Why, o why doesnt the feeling vanish, that our whole Species might have been intentionally "damaged"? 

Most of us make great Slaves, and dont even know it.... just because they were indoctrinated that way, as children. 

In my opinion, the psychology of children is much too soft in most cases, to be able to properly cope with psychological manipulation, even if it is unknowingly selfinduced. 
You can even teach a child to be a Serial Killer, if youre amoral enough, and tell it, that its normal from the beginning of its life.
And the same counts for this case here... you can teach a child, that the real world,and real friends are in this Box,called Monitor, and that it is able to communicate with it, not thru his mouth and tongue, but only thru his fingertips.

In what kind of world shall we live in a few hundred years? One where we spend our life suspended in stasis pods, in a virtual reality, just because its technologically more advanced?
There are a myriad of fictive stories that give a pretty accurate outcome, on what would happen, if we continue in our current pace, and integrate new technology in our lives in that way.  
(evolving technology, but not evolving ourselfs, our mind, our soul... whatever makes us good humans)


----------



## Mr McC (Oct 25, 2011)

lilhasselhoffer said:


> 1) I did not state that you prooved my conclusion was true.  I stated that you prooved that environmental stimuli change people, whether that be for the better or worse.



 I don't think I proved it, but we can agree on this. 



lilhasselhoffer said:


> 2) You assume that I so not think change is a concern.  I never stated this.  I attacked the author for sensationalism, and a lack of desire to see change as anything but damaging.



You stated, amongst other things, that "Previous archetypes are cast aside, resulting in a new type of communication and understanding", thereby implying that people simply adapt to stimuli and that such change is largely positive.




lilhasselhoffer said:


> 3) Language.  As anyone who took so much as psych 101 would know, the choice of wording is as important as the words themselves.  The author assumes change is damage, which I cannot abide.



Could it not simply be the case that the author's findings indicated that "damage" occurrs rather than a case of setting out to "prove" a theory?




lilhasselhoffer said:


> 4) *I never stated change is inherently good.*



See above 




lilhasselhoffer said:


> 5) You are on a forum.  Discussion is what happens here.



I am aware of this.




lilhasselhoffer said:


> As I have learned in the past, discourse either steels ones resolve or removes it.
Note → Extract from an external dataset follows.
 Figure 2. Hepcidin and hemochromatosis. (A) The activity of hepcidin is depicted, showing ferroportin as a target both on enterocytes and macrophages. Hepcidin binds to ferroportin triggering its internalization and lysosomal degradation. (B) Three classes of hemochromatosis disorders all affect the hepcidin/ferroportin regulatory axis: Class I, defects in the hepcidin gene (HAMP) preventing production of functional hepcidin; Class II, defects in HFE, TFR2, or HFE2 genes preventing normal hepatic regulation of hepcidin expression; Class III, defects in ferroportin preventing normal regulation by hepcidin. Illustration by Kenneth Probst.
If you take offense to what I say you have the same rights that I have.  Leave the thread and never come back.  There is not one thing stopping you from thinking "F*ck this stupid, ignorant, a$$.  I'm leaving."  I've done this with other threads, and will continue to do so.



I take absolutely no offence at anything you have said, nor do I have any intention of leaving the thread as a result of your posts. I do not understand what led you to post this.



lilhasselhoffer said:


> 6) People finding scapegoats is not new.  Comics corrupted morality, television was the work of the devil, and now the internet gets its go on this merry-go-round.  Wake me whenever people realize that all revolutionary ideas change the fabric of what it is to be human.



That is undoubtedly true, although, based on my own experience of Facebook, I find myself leaning more towards the author's conclusion in this specific case.


----------



## lilhasselhoffer (Oct 25, 2011)

Mr McC, we seem to have fundamentally different views, and be reading into each others responses for meanings that aren't there.  I've found this, more often than not, leads to anger rather than discussion.  As such, this will be my last post on this thread.  While somewhat cowardly, it is far better than rehashing our points, to the disservice of other people reading this thread.


The shark is a perfect form of evolution.  It has adapted to its environment, and has remained unchanged for milennia.  The Platypus and dodo are nature's WTF.  Both of these animals reached an evolutionary plateau, then stopped.  All of these animals have reached the limit of their mutability, which means that they are unlikely to survive (or did not in the case of the dodo) if their environment were to change.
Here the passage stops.